2121.88 -> And this gives you the possibility for the whole monitoring,
2125.64 -> having the eye in the sky for your costs, for your usage.
2131.88 -> Basically, the efficiency of your systems
2133.78 -> also helps you then to first identify
2137.91 -> where your costs are going, but in particular, as well,
2141.33 -> how can you improve your products.
2142.87 -> How efficient can you be?
2144.27 -> And where are the things that
2145.44 -> you can tweak and hence, improve?
2151.82 -> And if I now look into where we are now
2154.35 -> and what we want to do in the future,
2158.33 -> actually, like, one or two sentences to this,
2161.91 -> there are so many things that we still need to do with that.
2164.96 -> We want to dive in because this is just the beginning.

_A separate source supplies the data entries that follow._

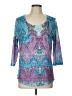 One World 100% Polyester Blue Purple 3/4 Sleeve Top Size L - photo 1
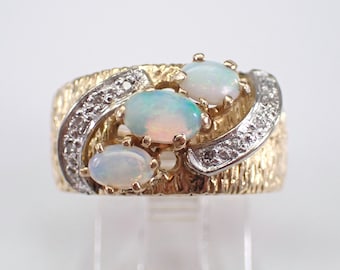 Antique 14K Yellow Gold Opal Ring - Unique Vintage Gemstone Band - Diamond set Accent Stone - GalaxyGems Estate Bridal Fine Jewelry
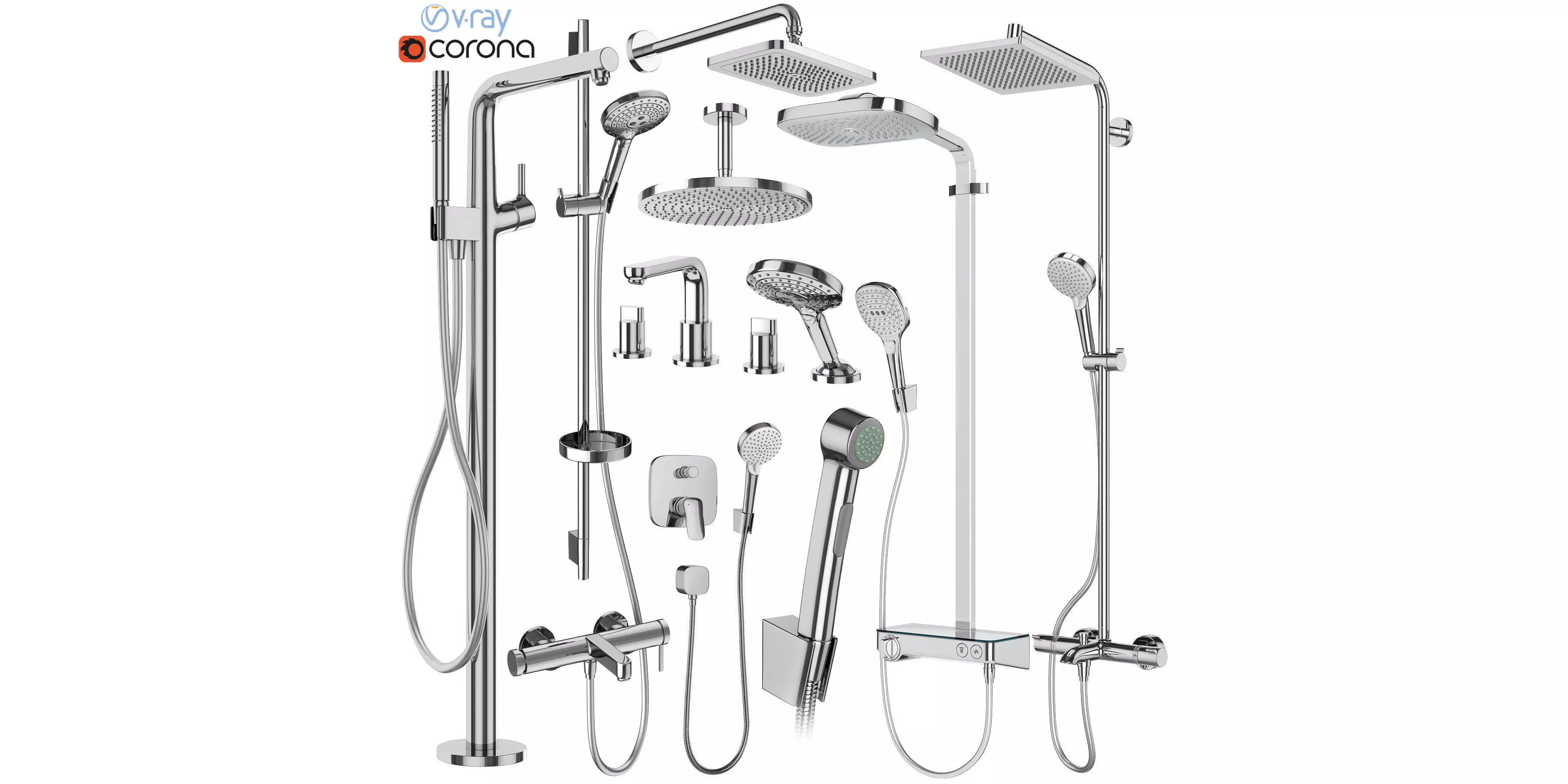 Faucets and shower systems Hansgrohe set 178 3D model_0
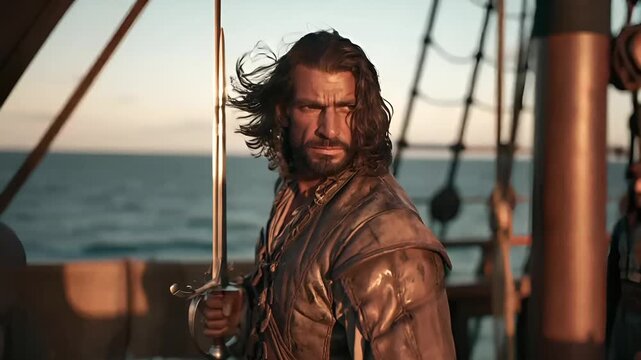 Europe medieval lifestyle. A cinematic portrayal of a man with long, wavy hair and a beard, wearing a leather jacket, standing on a ship deck.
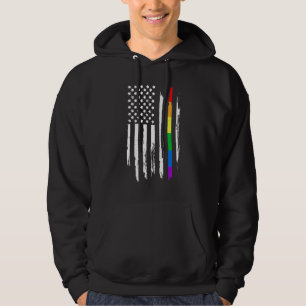 Vintager amerikanischer Flaggenkandidat Pride Gay Hoodie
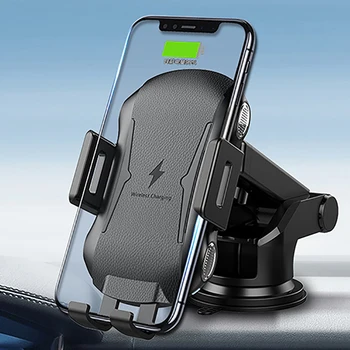 10 W Бързо Зареждане Qi Безжично Зарядно за Кола С Автоматично Клип Инфрачервен Сензор за Притежателя на Телефона, За iPhone, X XR XS Max 8 Samsung S8 S9 S10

2168.51 -> We just arrived fully in AWS.
2172 -> We know that there are a lot of things
2173.61 -> that we can do to improve, be it Auto Scaling
2178.08 -> because auto scaling is not just this one button
2180.47 -> that you flip and then it magically works in a manner
2183.1 -> as you, as you expect it to do, you need to make
2186.89 -> conscious decisions what the criteria are
2190.9 -> for auto scaling and this takes time.
2193.26 -> And for this, we need to make sure that the teams have
2196.14 -> the time to really do this.
2198.14 -> And we want to mature it in tooling.
2200.01 -> So initially, we started out with an APM solution, X-Ray,
2207.02 -> that would help us to see what is happening
2209.12 -> within the systems, looking into how this solution
2212.44 -> will look like then in the future.
2214.18 -> That's something where we need to really spend time on,
2216.91 -> overall increasing quality, increasing the adoption
2220.23 -> of the functionalities that are out there.
2222.49 -> We clearly said we want to use the cloud
2224.68 -> to really leverage the benefits of the cloud
2227.59 -> and not to build up just some new data center in AWS
2231.68 -> that wouldn't really make sense.
2234.7 -> And with that, I thank you for giving me
2239.13 -> 40 minutes of your time.
2240.37 -> And if you have questions, I'm happy to answer them.
2245.18 -> Thank you.
2248.298 -> One quick question is, oh.
2251.09 -> One quick question is in the release cycle, right?
2254.41 -> So there is always a concern about the risk.
2257.39 -> So what do you do for like, analyzing the risk
2260.61 -> and the blast radius of the change?
2267.079 -> So your question is what we do?
2273.46 -> Ah, okay.
2277.85 -> So the question is what do we do
2280.55 -> to reduce the blast radius of a single release?
2286.67 -> If you're releasing more often,
2288.45 -> you're introducing smaller changes.
2291.41 -> That's like, this one truth that led at some point
2294.77 -> in time to the agile work methodologies.
2299.46 -> That's what we do, we try to keep the releases very small
2303.09 -> and at the same time, it's a service-oriented architecture
2306.77 -> in general, which means we have different dependencies
2310.38 -> between the services, of course,
2312.44 -> but if one of these services goes down,
2314.66 -> it is usually only limited.
2320.411 -> The incident is only limited for this specific product
2322.89 -> or this specific service, or the services
2324.87 -> that are directly depending on it.
2326.99 -> So with the set up, the overall set up,
2330.18 -> where we have multiple accounts for individual teams,
2334.13 -> we are reducing the blast radius also for, in case of like,
2337.51 -> a security incident or something like that,
2340.38 -> to really only the domain of a respective team
2344.32 -> or of a respective product.
2350.27 -> What was the tool for the cost analysis?
2354.15 -> That was Grafana.
2356.93 -> Anything else?
2359.38 -> Yeah.
2361.52 -> Is everything a single instance
2363.29 -> or multi-tenant set up?
2364.55 -> Or do you have like, per-client separate production running?
2369.54 -> We have a platform which means we have
2372.49 -> one, big infrastructure that is used
2375.41 -> for multiple of our partners.
2377.07 -> We don't deploy individual technologies for our partners.